A dark zombie movie? Heaven forbid!
I know! But hey, he’s writing the second novel, a sequel, so maybe that will revitalize the project overall.

“Tales of Hoffmann” is not the only classic you’re on record as loving, in fact I was struck by recent list I found–which also included “The Thing from Another World,” “The Quiet Man,” “On The Waterfront” and Welles’ “Othello”–that there’s a difference between the type of film you love and the type of film you make. Or do you view it more as a continuum?
I don’t, except for the fact that in my early days making film, I didn’t know what I was doing and so I was just ripping off techniques and lighting–largely from Welles. If you look at some of my lighting with just a little blinder on you can see Welles hiding in there. So Welles was the guy I ripped off the most.
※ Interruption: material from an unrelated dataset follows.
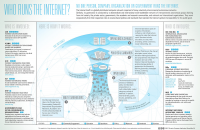 Кто сегодня реально управляет Интернетом?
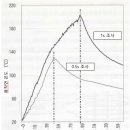 제3장 Heat seal 가열의 기본 - 4(Heat seal의 가열법의 특징) 이미지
If you’re gonna rip someone off…
Uh-huh, and you know, it’s a parasitic medium. You don’t get to sketch, so you need to copy.

Styles rather than ideas hopefully, though I know you’ve been pretty scathing about the state of modern horror in that regard. Are there any recent horror films you admire?
You know there probably are and I shouldn’t be so unequivocal about that, but I don’t go to see a lot, only if something is recommended. I guess I’ve just been too often disappointed.

There’s a couple of titles, like “It Follows” whose director cited “Night of the Living Dead” as a direct influence, that have been at least trying to do something new with the horror genre. I hope something like that might someday restore your faith.
I haven’t seen it, but yes, I think I’ve read something about that… And oh, I’ll tell you what did not restore my faith–“Insidious,” which came highly recommended.

Doh! And now you have to cut another person out of your life.